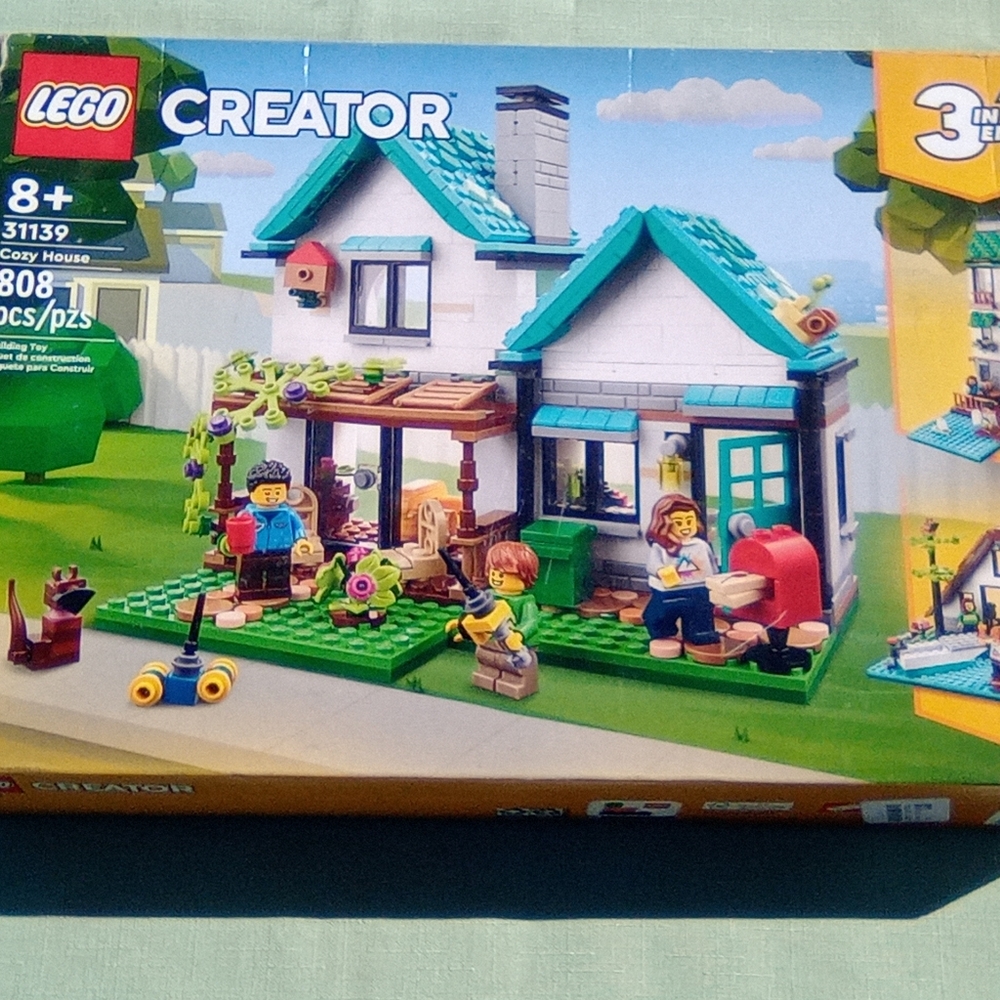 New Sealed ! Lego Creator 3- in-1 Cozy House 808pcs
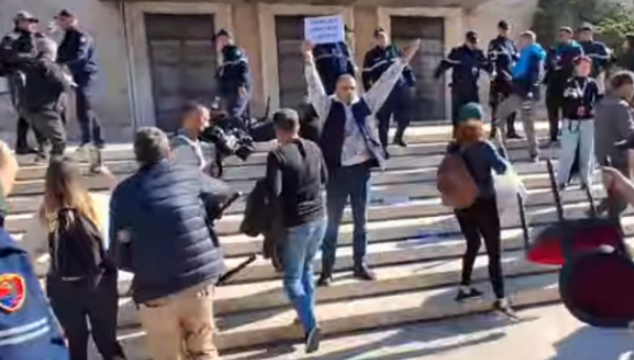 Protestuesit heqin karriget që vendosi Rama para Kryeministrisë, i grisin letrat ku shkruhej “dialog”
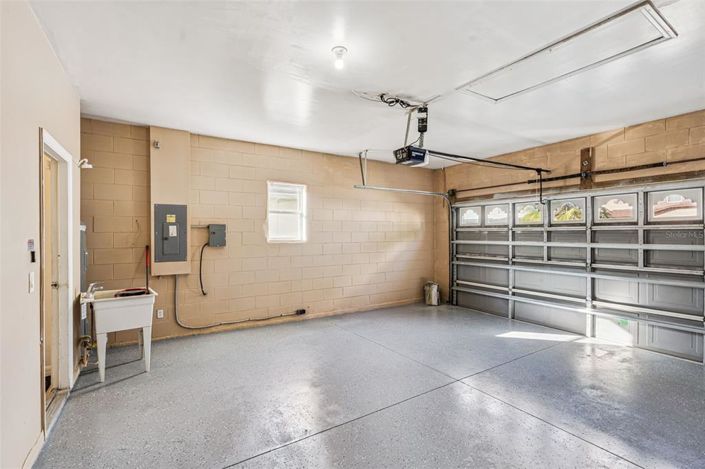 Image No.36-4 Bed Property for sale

----------

The copy must match the listing above exactly but contain no pictures.

[Response]
 New Sealed ! Lego Creator 3- in-1 Cozy House 808pcs
 Protestuesit heqin karriget që vendosi Rama para Kryeministrisë, i grisin letrat ku shkruhej “dialog”
 Image No.36-4 Bed Property for sale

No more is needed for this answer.